Esitò un poco prima di entrare, aveva paura di dover affrontare persone di ogni tipo che gli avrebbero fatto 1000 domande e magari cacciato via. Ma era stanco, non era abituato a camminare tanto a lungo; al diavolo, pensò. Aprì la porta e con sua grande sorpresa vide che era pieno di pigiami che facevano colazione! Ce n’erano di tutti i tipi e taglie, colorati, consumati, sbiaditi, vittime di candeggi, rattoppati, trans-colorati da errori di lavatrice, nuovi di pacca e scuciti.
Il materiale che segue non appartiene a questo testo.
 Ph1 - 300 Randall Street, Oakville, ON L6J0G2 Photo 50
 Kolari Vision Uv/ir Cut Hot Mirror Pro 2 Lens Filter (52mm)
Tutti insieme. Notò anche 4 vestaglie, un accappatoio senza laccio e addirittura una tuta da ginnastica blu!

“Buongiorno!” gli dissero accogliendolo festosi, “Anche lei stanco di stare in casa?”
Tale era l’emozione che il pigiama esitò un istante prima di rispondere. Ma sì, era vero! Ordinò yogurt, caffè, brioche e succo d’ananas e si sedette al bancone facendo subito amicizia con un pigiama 60% lana e 40% acrilico, e subito dopo con uno bianco 70% cotone e 30% lino. “Sapete”, disse a bocca piena, “è una vita che mi sembra di essere schiavo della routine.”

“E hai ragione, ragazzo!” si intromise uno, tutto rosso sbiadito con una falce e un martello gialli ricamati a mano sul petto, “I nostri padroni ci sfruttano! Dovremmo unirci e reagire, magari scioperare!”

L’idea non era malvagia, e presto si trovarono tutti d’accordo.

E fu così che da quel giorno il nostro pigiama uscì tutte le mattine infrasettimanali (festivi esclusi) alle 9:30 in punto; si godette la sua vita, fece nuove amicizie e partecipò attivamente a quello che sarebbe diventato il SIC, Sindacato Indumenti Casalinghi.

E vissero tutti più felici e contenti.